Ground 4 - Error in consciousness of guilt direction
It was argued for the applicant under ground 4 that his Honour erred in his direction relating to the Crown case that the applicant's premature flight demonstrated consciousness of guilt. More particularly, it was said that the judge did not tell the jury that, in order to convict the applicant on that basis, they had to be satisfied that he departed prematurely because of his consciousness of guilt of the crime and for no other reason and that, if they were in doubt as to his reason for leaving, they could not infer consciousness of guilt on his part. It was also claimed for the applicant that the judge wrongly told the jury that if they concluded that he decamped because of his realisation of guilt and wished to avoid apprehension, they "were more or less deciding the case against him" and that flight was strong evidence of, or was tantamount to, the applicant's guilt. The applicant contended that a careful Edwards[11] direction should have been given by his Honour. It was also said that, in the circumstances of the charge, the judge's comments concerning the applicant's departure from his hotel were left as directions of law.
[11]Edwards v. The Queen (1993) 178 C.L.R. 193.

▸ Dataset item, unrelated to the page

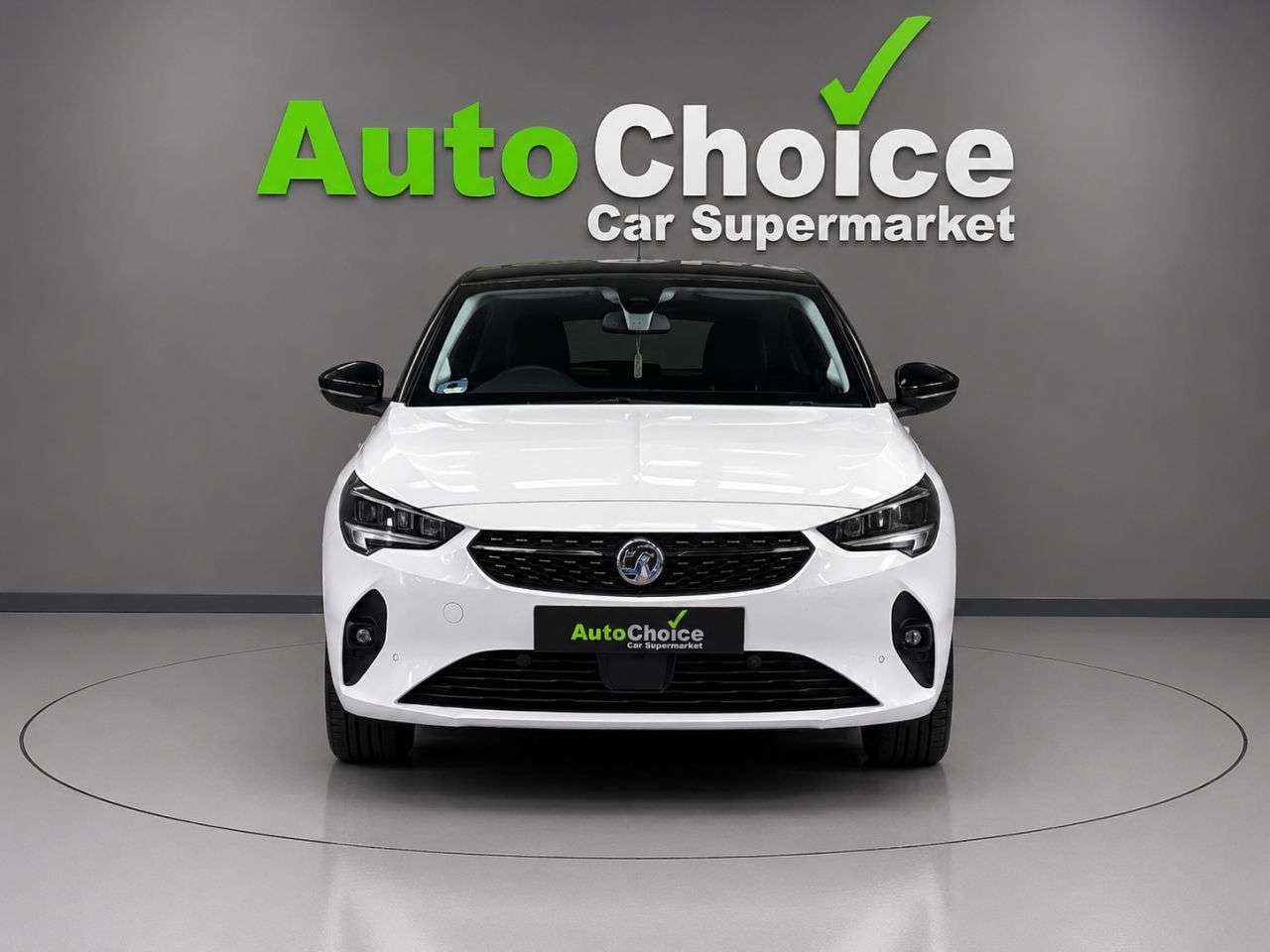 A 2021 VAUXHALL CORSA 1.2 Turbo Griffin Edition Hatchback 5dr Petrol Manual Euro 6 (s/s) (100 ps) A 2021 VAUXHALL CORSA 1.2 Turbo Griffin Edition Hatchback 5dr Petrol Manual Euro 6 (s/s) (100 ps)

In my view, however, a fair reading of the whole of the relevant part of his Honour's charge makes it apparent that the deficiencies contended for have not been made out such as to vitiate the verdict. That the applicant's experienced trial counsel took no objection to his Honour's charge on that basis is some indication, I think, that he perceived no error or injustice in his Honour's charge as is alleged. His Honour made it plain to the jury, I think, that in order for them properly to conclude that the applicant's premature departure from the hotel demonstrated consciousness of guilt on his part they had to exclude or reject his alternative explanation for his departure.
At the outset of his charge on this issue, and then again later, his Honour told the jury that his directions on this matter were directions of law which, as the judge had earlier explained to the jury, were binding on them. When his Honour told the jury that if they accepted the Crown case that the applicant decamped in a prompt fashion because he knew that he had raped the complainant and wanted to avoid detection they would be "more or less deciding the case against him", the judge meant no more, as he went on to say, that such a conclusion would "amount to very strong evidence of guilt". And so it would, in my view. Importantly, his Honour also told the jury that, because such a course was virtually tantamount to guilt, they would have to be satisfied of it beyond reasonable doubt. His Honour also emphasised that the jury should be aware that there could have been other reasons for the applicant leaving his hotel prematurely, as he claimed was the case. The judge proceeded to point out those "other reasons". His Honour concluded this aspect of the charge as follows:
"As I have said, for you to use this to convict you have to be able to exclude those other possibilities beyond reasonable doubt. And you have to accept beyond reasonable doubt that he left because he knew he had raped her and he wanted to avoid the consequences."
In the circumstances, although his Honour did not in terms follow the form of the Edwards direction, what he said in that regard, viewed in the context of the charge as a whole, was sufficient to make the jury aware of the essential matters of which they had to be satisfied before they could properly convict the applicant on the basis of his consciousness of guilt.
In the circumstances, there is no need to consider ground 5. I would dismiss the application.
VINCENT, J.A.:
I agree, and I do so for the reasons given by the learned presiding judge.
REDLICH, J.A.:
I also agree.
CHERNOV, J.A.:
The order of the Court is that the application is dismissed.